3. Orienting - Visual Locations

Orienting to visual locations refers to moving our eyes and possibly head such that some target (stimulus) falls on our fovea.  It allows us to attend to that location of the target.  It is also possible to attend to a location without actually moving our eyes or head (this is known as covert attention whereas moving the eyes/head is referred to as overt attention).  Within the first 150ms of attending to some location, we are able to respond faster to events occurring there and detect events occurring at that location with lower thresholds.
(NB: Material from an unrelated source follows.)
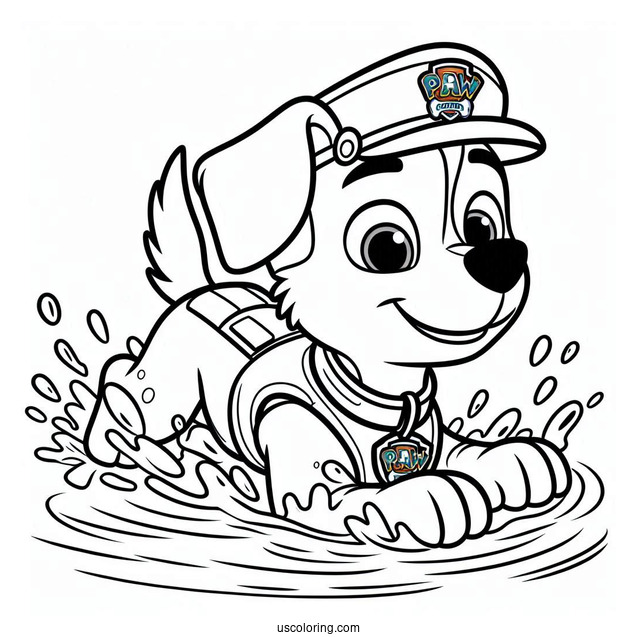 Chase From Paw Patrol Swimming In Water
Actually, improvements begin before any eye or head movements (shift of attention) Furthermore monkey brain studies have shown increased neuronal responses in the following areas, indicating their importance to attention.
  1. Posterior parietal lobe
  2. Lateral pulvinar nucleus
  3. Superior colliculus
  4. Parietal cortex
Further evidence of the role in attention of the above areas comes from the study of primate and human brain lesion subjects who have suffered damage to these areas.  Lesions in any of these areas will reduce the ability to shift attention to some other location.  For example, damage to the superior colliculus affects the ability to shift attention to some other location regardless of whether we previously are or not attending to some other target.
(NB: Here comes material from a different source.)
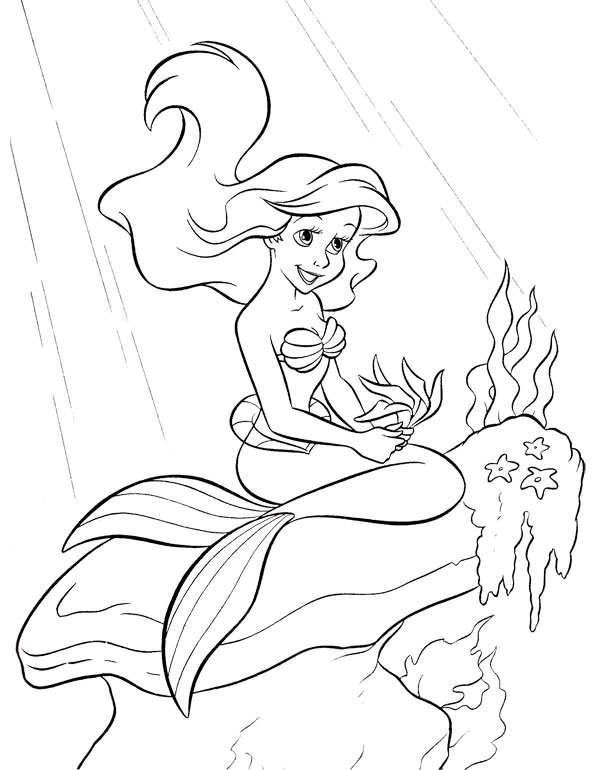 595x770 Walt Disney Coloring Pages Princess Ariel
3.1 Hypothesis for the shifting of visual attention

Examining humans and animals with brain lesions, has confirmed that there are definitely physical areas in the brain responsible for attention and it has also provided an idea of the process required for the shifting of visual attention.  Based on these studies, the authors suggests the following hypothesis for shifting of visual attention:
  1. Parietal lobe disengages attention from the current focus.
  2. Mid-brain area moves the "index of attention" to the target area.
  3. Pulvinar collects data from the target location and processing begins.
Brain lesion studies have also revealed (although still controversial) that that the left and right brain hemispheres have their own attentional specialty.  Both carry out the operations required to shift attention, however, they differ with respect to the level of detail.  "Large and small" letter tests (e.g. forming large letters out of small letters - see [6]) indicate that the right hemisphere is oriented towards global processing whereas the left hemisphere is mainly responsible for local processing.  For example, the image of figure 3 illustrates the combination of many small letter "L"s to form one large letter "L".   Global processing allows one to notice the single large "L" while local processing will focus on the constituent small letter "L"s.
 
 
Figure 3.  Large letter "L" constructed from many small letter "L"s.

3.2 Pattern recognition - Visual Search

Attention is used in pattern recognition tasks from detecting features to storing new visual patterns.  An example of a pattern recognition task is shown in figure x, where the task may be to locate the single red triangle in the presence of other different color shapes.
 
 
Figure 4.  Pattern recognition task involving a single target shape with one distinct feature. Reprinted from [10] 

In these pattern recognition tasks, increasing the number of non-targets and their features does not influence the search for a one feature (e.g. color, or shape as in figure 4 where the red target is separated by all other non-target shapes by color only).  However, increasing the number of target features to more than one, does decrease the speed of the task.  For example, consider the example shown in figure 5.  Finding the red triangle (target) now takes more time than finding the same target triangle from the example of figure 4..
 
 

Figure 5.  Pattern recognition task involving a multiple feature target. Reprinted from [10].

Further evidence that attention is involved in pattern recognition comes from studies involving single cell recordings.  Such studies indicate the attention system interacts with the pattern recognition system through the thalamus, requiring approximately 90ms to do so.